Union
Nach ausführlichen Beratungen mit diözesanen Räten und Gremien hat Erzbischof Stephan Burger im Februar 2023 entschieden, dass die Zusammenführung der bisherigen Pfarreien und Kirchengemeinden zu künftig 36 Einheiten per „Union“ erfolgt.
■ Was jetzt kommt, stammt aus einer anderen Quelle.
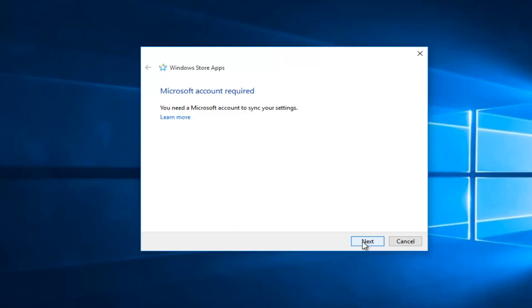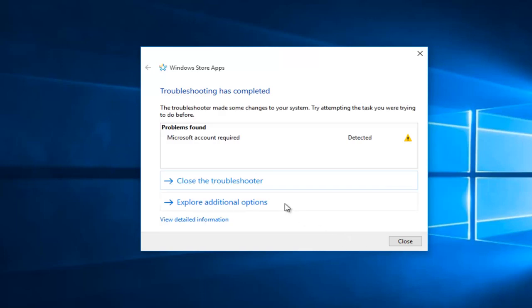So we already see that there's one action that shows there's a conflict. You definitely need to have a Microsoft account to sync your settings. If I skip to next here, we see that the problem found was that a Microsoft account needs to be linked.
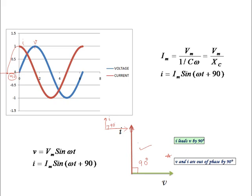We know that Im equals C times Vm times omega. Replacing Im, we get Vm equal to Im divided by C omega, which can be written as Vm equal to Im times Xc, where Xc is known as capacitive reactance. Xc is equal to 1 divided by C omega. This is the capacitive reactance formula.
Hierbei bleibt jeweils eine aktuell existierende Pfarrei und Kirchengemeinde aus dem künftigen größeren Verbund als Rechtsgröße bestehen, damit darüber alle rechtlich notwendigen Vorgänge abgewickelt werden können. Durch die Union erhalten alle Beteiligten eine verlässliche Planungsgrundlage und Sicherheit, da auf bestehende Strukturen, Ressourcen und Gremien zurückgegriffen werden kann.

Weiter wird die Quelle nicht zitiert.